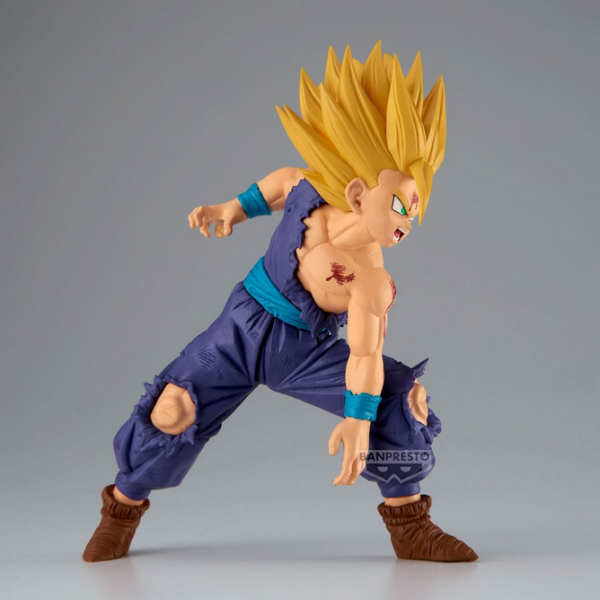 Dragon Ball Z Match Makers PVC Statue Super Saiyan Son Gohan 10 cm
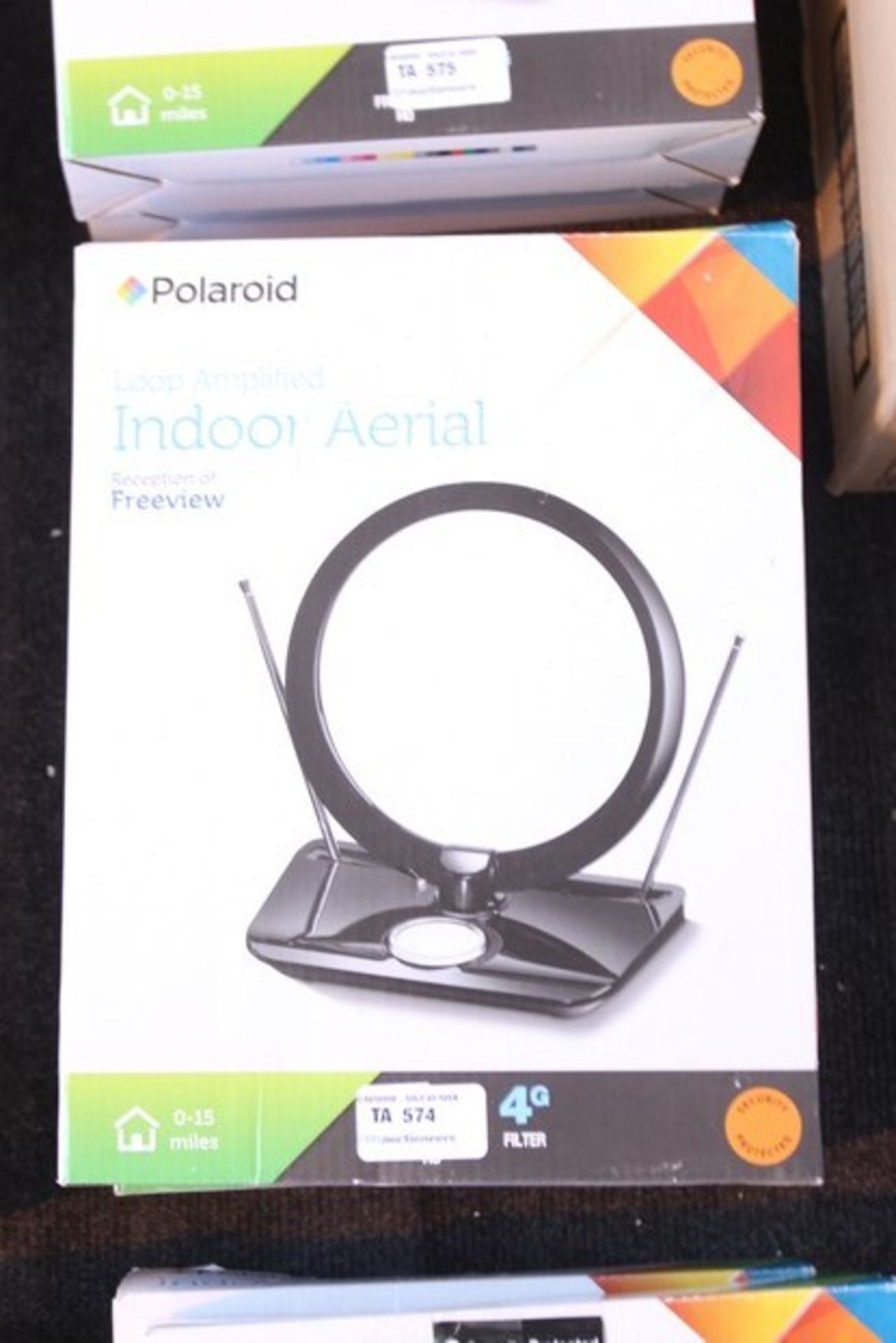 2X POLAROID LOOP AMPLIFIED INDOOR AERIALS (09.05.18) (34)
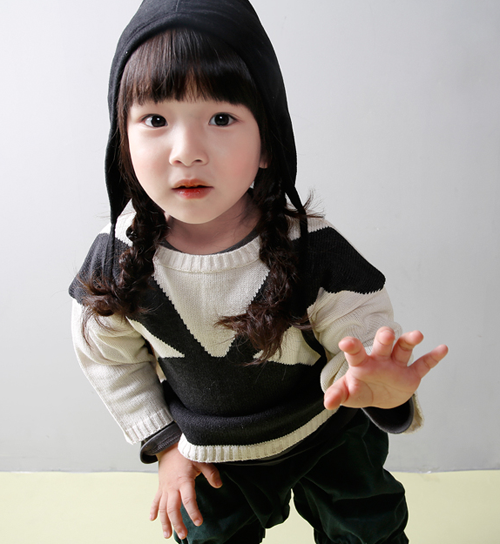 [The Jany] Funny Bunny Sweater | KSTYLICK - Latest Korean Fashion | K ...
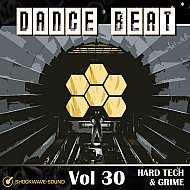 Music collection: Dance Beat Vol. 30: Hard Tech & Grime
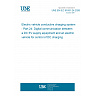UNE EN IEC 61851-24:2026 - Electric vehicle conductive charging system - Part 24: Digital communication between a DC EV supply equipment and an electric vehicle for control of DC charging UNE EN IEC 61851-24:2026 - Electric vehicle conductive charging system - Part 24: Digital communication between a DC EV supply equipment and an electric vehicle for control of DC charging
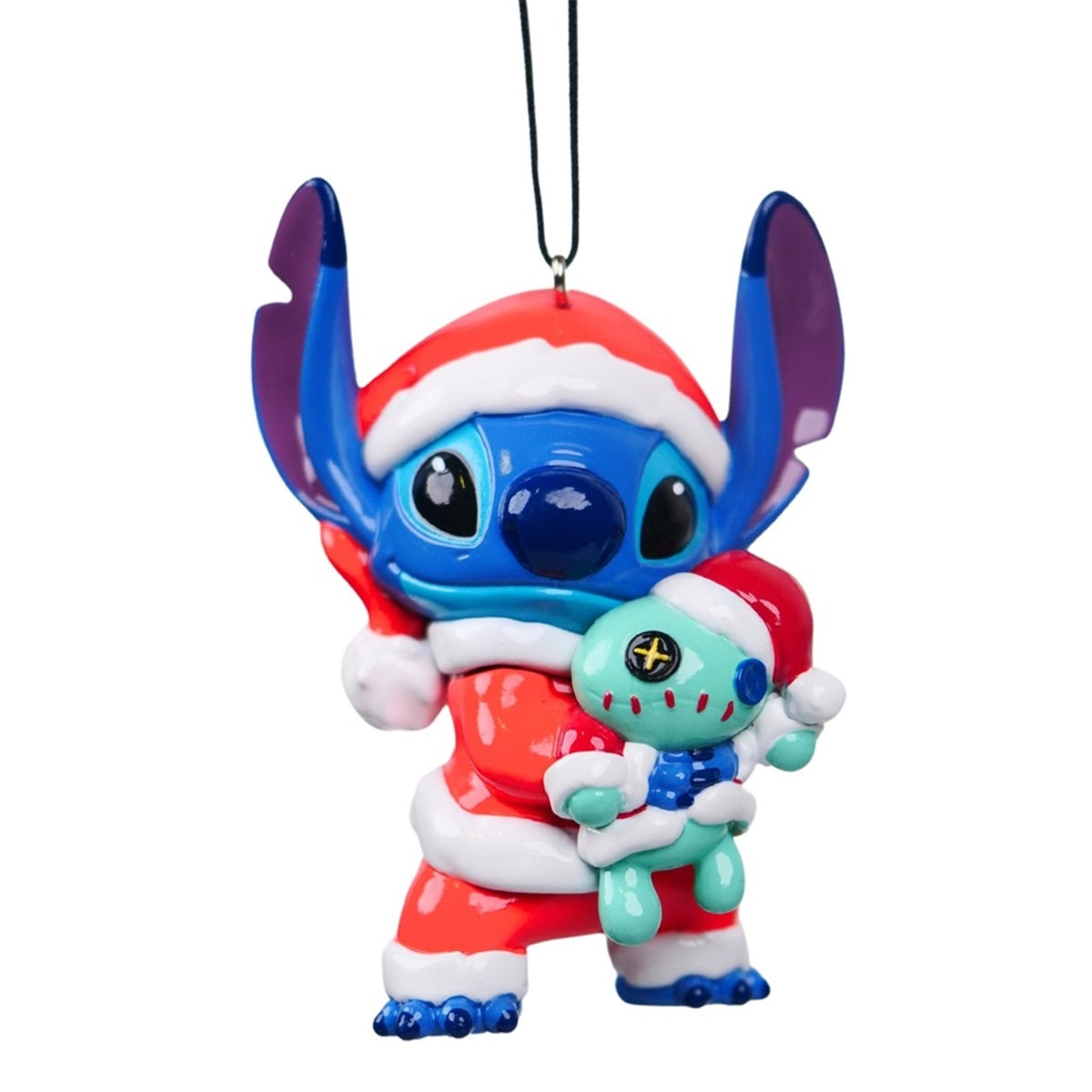 Disney Santa Stitch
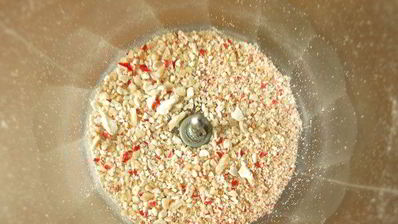 соленое мороженое с крабовыми палочками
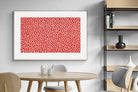 Pixalot Blad Met Strooipatroon Van Bloemen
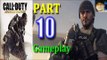 Call of Duty Advanced Warfare Walkthrough Gameplay Part 10 Campaign Mission 9 COD AW Lets Play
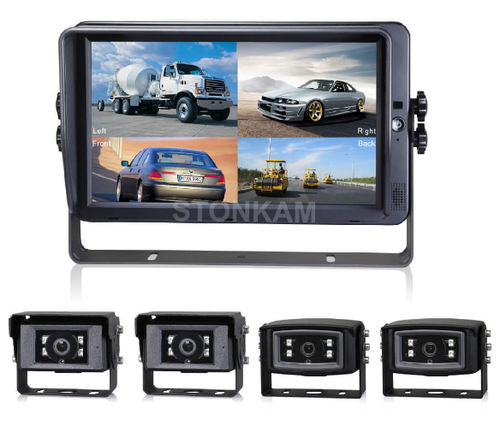Système de surveillance pour véhicule - HD291D - Stonkam - pour l'industrie automobile / modulaire / en temps réel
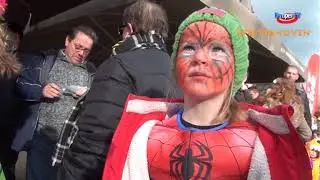 2018 Carnaval optocht Westerhoven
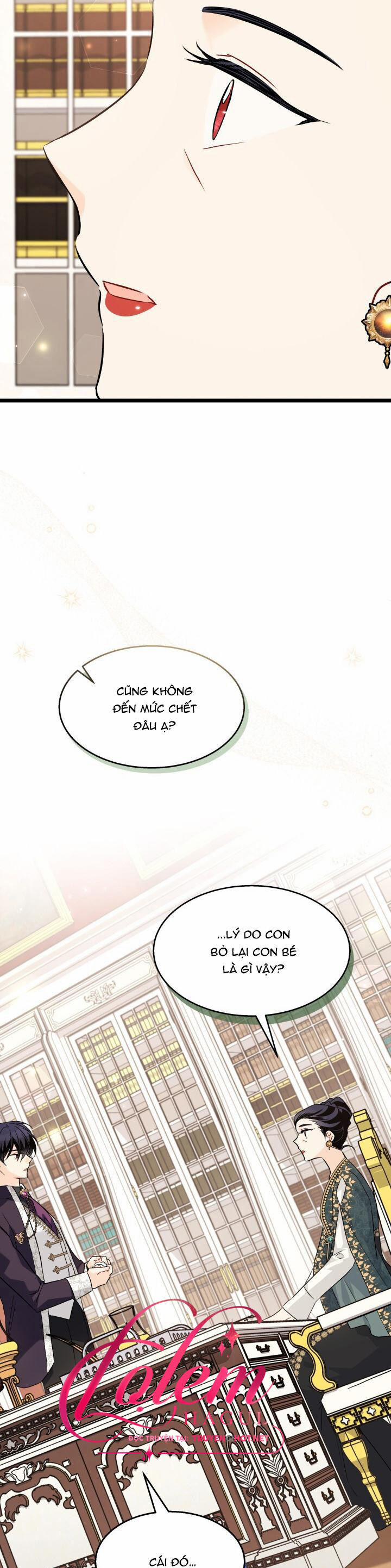 Quan Hệ Cộng Sinh Giữa Hắc Báo Và Bạch Thỏ 97 trang 23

**Task item:** Return the listing above word for word. Keep the images out.

**Solution to this task:**
 Dragon Ball Z Match Makers PVC Statue Super Saiyan Son Gohan 10 cm
 2X POLAROID LOOP AMPLIFIED INDOOR AERIALS (09.05.18) (34)
 [The Jany] Funny Bunny Sweater | KSTYLICK - Latest Korean Fashion | K ...
 Music collection: Dance Beat Vol. 30: Hard Tech & Grime
UNE EN IEC 61851-24:2026 - Electric vehicle conductive charging system - Part 24: Digital communication between a DC EV supply equipment and an electric vehicle for control of DC charging UNE EN IEC 61851-24:2026 - Electric vehicle conductive charging system - Part 24: Digital communication between a DC EV supply equipment and an electric vehicle for control of DC charging
 Disney Santa Stitch
 соленое мороженое с крабовыми палочками
 Pixalot Blad Met Strooipatroon Van Bloemen
 Call of Duty Advanced Warfare Walkthrough Gameplay Part 10 Campaign Mission 9 COD AW Lets Play
Système de surveillance pour véhicule - HD291D - Stonkam - pour l'industrie automobile / modulaire / en temps réel
 2018 Carnaval optocht Westerhoven
 Quan Hệ Cộng Sinh Giữa Hắc Báo Và Bạch Thỏ 97 trang 23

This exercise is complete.